Commentando i dati della ricerca, mons Fabiano Longoni, direttore dell’Ufficio Nazionale per i Problemi Sociali e del Lavoro della CEI, ha offerto il quadro entro il quale si muovono, e si muoveranno sempre di più, le relazioni fra vecchi e giovani. Stretti fra la crisi economia e quella demografica, le due parti rischiamo di “entrare in guerra” senza un nuovo patto generazionale. “I giovani vivono oggi il tempo delle post ideologie, non hanno una loro visione del mondo – ha spiegato Longoni -, e questo è un bene perché la stessa spiritualità non è un’ideologia ma un’esperienza. Finalmente i nostri ragazzi stanno capendo che la vera autonomia non è scevra da regole – ha continuato - ma che è un fatto relazionale”.Accennando alla riforma del Servizio Civile allo studio del governo, Luigi Bobba, sottosegretario di Stato al Ministero del Lavoro e delle Politiche Sociali, ha ricordato che “il nostro obiettivo è quello di far partire 100 mila giovani entro il 2017, ma soprattutto vogliamo renderlo percorribile anche alle fasce dei giovani più a rischio. In collaborazione con il Ministero dell’Istruzione vogliamo far diventare il Servizio Civile parte organica del percorso formativo degli studenti”. Sommando i fondi del Servizio Civile con quelli di Garanzia Giovani, già dal prossimo anno potrebbero essere tra i 40 ed i 45 mila i giovani in partenza per una esperienza in Italia o all’estero. Allo studio anche una sperimentazione con l’Unione Europea per la costituzione di un Servizio Civile Europeo. Primi a partire proprio gli italiani con i loro coetanei francesi e tedeschi.

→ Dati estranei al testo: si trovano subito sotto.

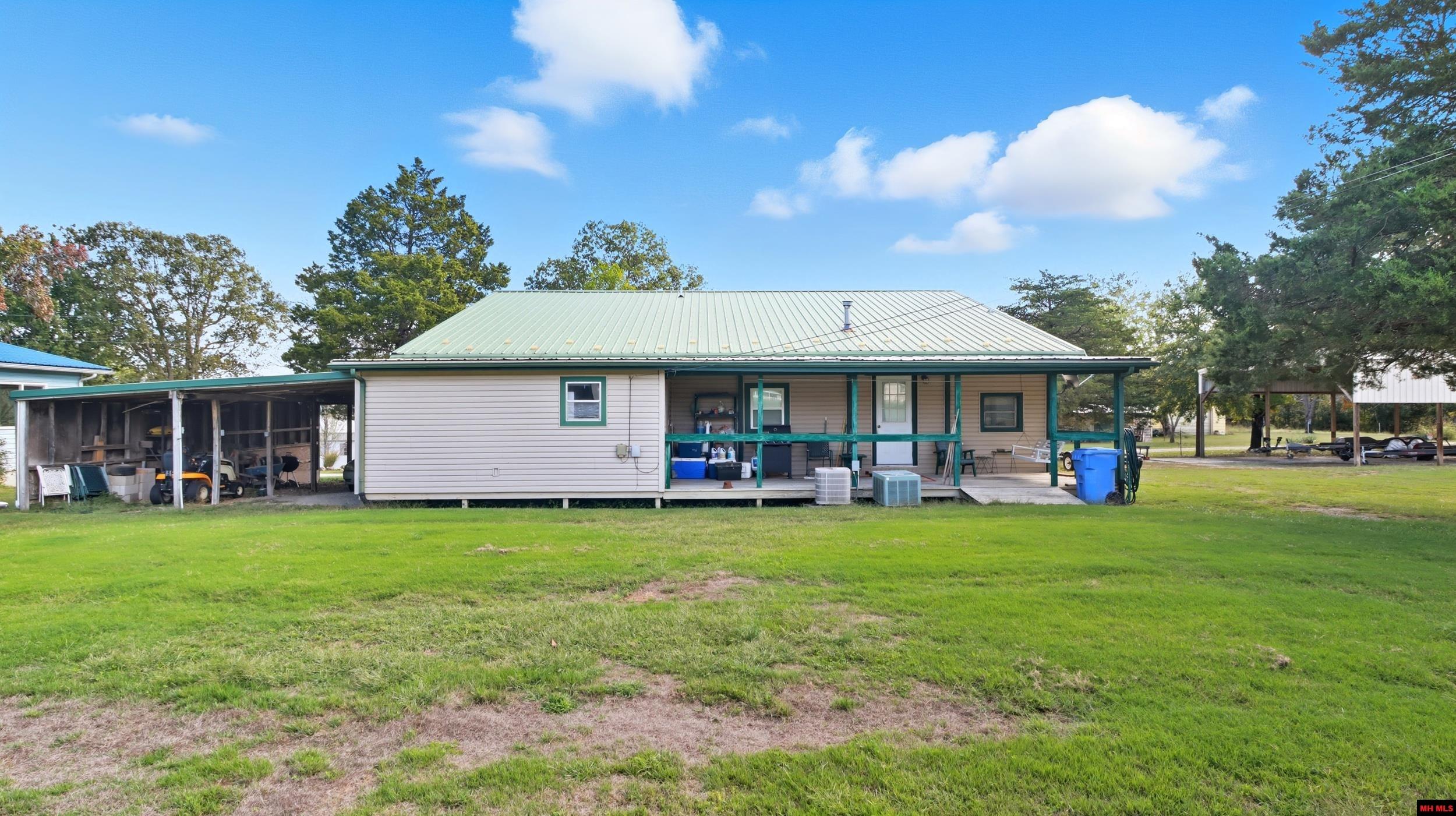 1054 KALIJAH ROAD Protem, MO 65733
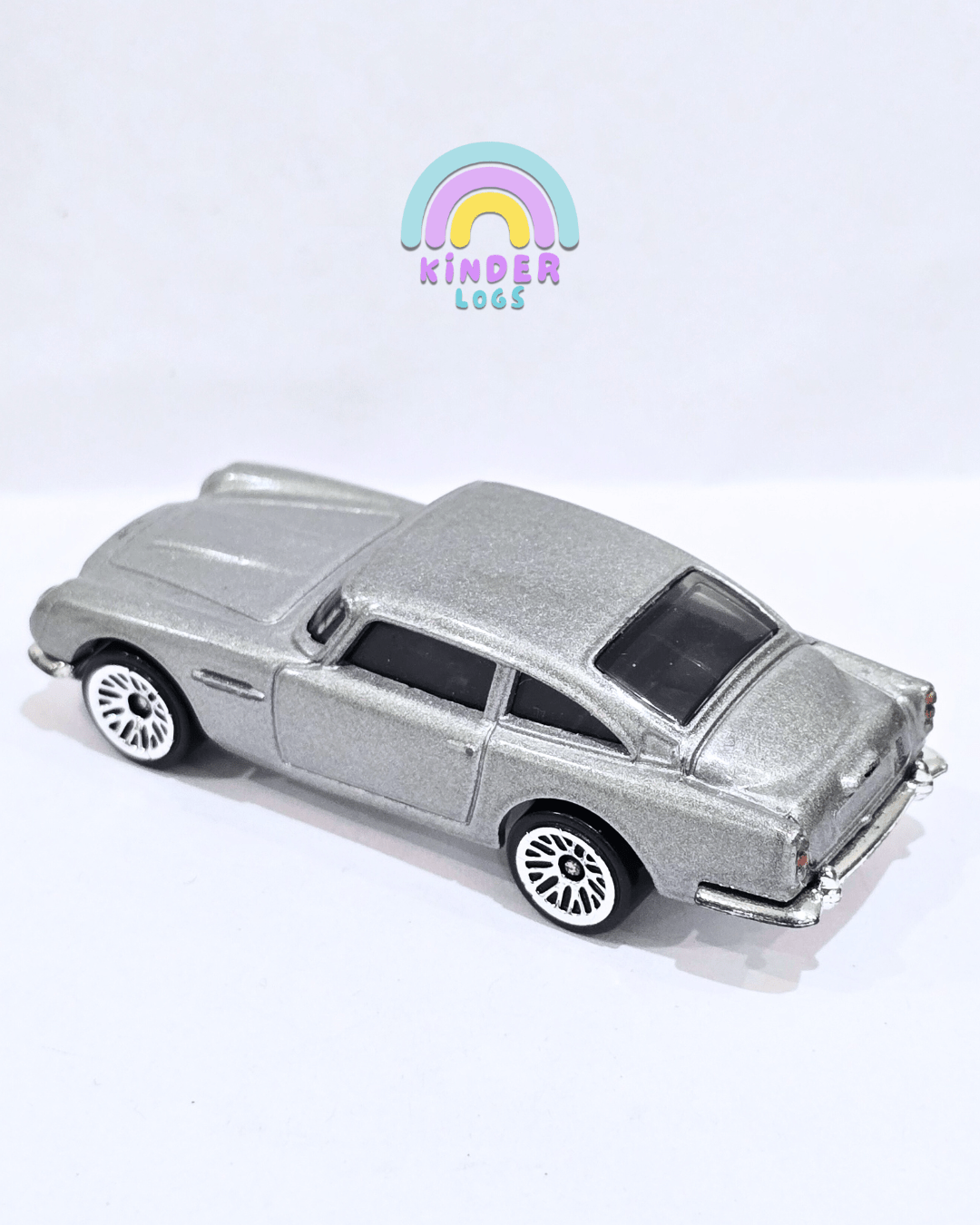 Hot Wheels 1963 Aston Martin DB5 (Used Car) - Kinder Logs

“Se come emerge dalla ricerca il Servizio Civile è un qualcosa che funziona, dovremmo tutti investire più risorse per renderlo disponibile al maggior numero possibile di giovani – ha commentato, invece, padre Antonio Lucente, presidente dell’ENGIM e vice presidente di CONFAP -. C’è un popolo di giovani in cerca di prima occupazione, e se così tanti riportano a casa competenze accresciute e talenti messi alla prova, è proprio il caso di crederci ed investire energie e risorse per la crescita umana e professionale dei nostri ragazzi”.